O conto de fadas na era moderna

segunda-feira, 3 de março de 2008

Ao terminar de assistir O Labirinto do Fauno [El Laberinto del Fauno, Guillermo del Toro, 2006] muita gente pode se sentir com uma pontadinha de depressão. Não dá pra esperar nada além disso, afinal de contas, Labirinto é um conto de fadas. E não se engane, esse é o conto de fadas em sua concepção original.

O conto de fadas original não é aquele que seu pai e sua mãe costumavam contar pra você na hora de dormir – aquelas cheias de princesas, príncipes e o diabo a quatro - onde no final tudo acaba bem. Nada disso. O conto de fadas original foi criado na idade média, onde os panos de fundo mais comuns eram fome, guerra e miséria. Eram, na realidade, histórias de terror. Não é a toa que a classificação etária para esse filme é 16 anos.

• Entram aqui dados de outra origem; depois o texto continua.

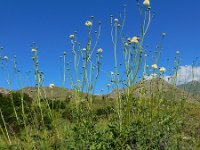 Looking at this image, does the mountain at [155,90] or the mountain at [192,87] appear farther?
the mountain at [192,87]

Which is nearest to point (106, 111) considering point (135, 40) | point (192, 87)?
point (192, 87)

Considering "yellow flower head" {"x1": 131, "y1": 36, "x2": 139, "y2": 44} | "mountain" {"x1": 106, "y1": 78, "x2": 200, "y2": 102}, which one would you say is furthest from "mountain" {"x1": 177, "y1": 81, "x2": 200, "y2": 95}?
"yellow flower head" {"x1": 131, "y1": 36, "x2": 139, "y2": 44}

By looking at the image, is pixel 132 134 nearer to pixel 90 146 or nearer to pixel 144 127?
pixel 144 127

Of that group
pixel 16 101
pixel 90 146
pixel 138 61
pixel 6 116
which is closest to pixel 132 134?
pixel 90 146

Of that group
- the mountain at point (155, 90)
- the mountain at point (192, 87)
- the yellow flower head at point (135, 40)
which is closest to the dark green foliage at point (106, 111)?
the mountain at point (155, 90)

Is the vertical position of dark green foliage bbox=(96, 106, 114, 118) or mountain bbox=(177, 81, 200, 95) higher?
mountain bbox=(177, 81, 200, 95)

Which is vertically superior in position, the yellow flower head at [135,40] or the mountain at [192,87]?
the yellow flower head at [135,40]

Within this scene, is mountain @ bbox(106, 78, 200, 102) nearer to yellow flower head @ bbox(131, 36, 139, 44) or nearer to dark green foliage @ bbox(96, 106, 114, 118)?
dark green foliage @ bbox(96, 106, 114, 118)

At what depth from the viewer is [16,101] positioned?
63.3 feet

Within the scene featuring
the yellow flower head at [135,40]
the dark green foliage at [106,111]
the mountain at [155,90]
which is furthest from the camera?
the dark green foliage at [106,111]

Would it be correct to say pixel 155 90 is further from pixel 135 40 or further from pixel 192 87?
pixel 135 40

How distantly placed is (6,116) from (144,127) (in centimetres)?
879

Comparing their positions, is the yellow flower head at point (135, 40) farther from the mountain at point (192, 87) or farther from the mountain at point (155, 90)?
the mountain at point (192, 87)

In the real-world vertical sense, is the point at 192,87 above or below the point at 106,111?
above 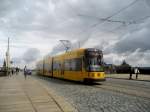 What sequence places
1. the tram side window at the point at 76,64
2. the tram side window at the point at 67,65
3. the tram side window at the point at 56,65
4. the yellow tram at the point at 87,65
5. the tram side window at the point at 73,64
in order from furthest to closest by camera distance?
the tram side window at the point at 56,65 → the tram side window at the point at 67,65 → the tram side window at the point at 73,64 → the tram side window at the point at 76,64 → the yellow tram at the point at 87,65

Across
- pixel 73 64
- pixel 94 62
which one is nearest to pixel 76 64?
pixel 73 64

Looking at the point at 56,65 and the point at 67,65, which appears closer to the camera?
the point at 67,65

Mas não estamos na Idade Média. Estamos no século XX. E Guillermo del Toro nos conta a história de uma garota que é fascinada por histórias de fantasia e que na Espanha de 1944 é levada para a casa de seu padrasto, um oficial militar fascista subordinado do general Franco. E nesse caso fica fácil perceber que a madrasta cruel dos clássicos foi substituído por um padrasto inescrupuloso.




O amigo... da onça

A tal casa fica em uma floresta, e nessa floresta existe um labirinto de pedras. E é nesse labirinto de pedras que Ofélia encontra pela primeira vez o Fauno. Faça as contas: uma garota sem amigos, isolada do mundo por uma vasta floresta em um período de guerra. Não fica difícil perceber que tudo o que a garota precisava era um amigo.

E aí o clima do filme – que já era dark – cai em trevas quase que profundas. O Fauno além de se mostrar amigo, a reverencia como uma princesa de um reino subterrâneo. E a entidade lhe passa três tarefas para que ela pudesse ser levada ao seu reino. E uma garota ingênua como a nossa Ofélia vai sempre ficar encantada com uma coisa dessas e vai cumprir as três tarefas com o maior prazer.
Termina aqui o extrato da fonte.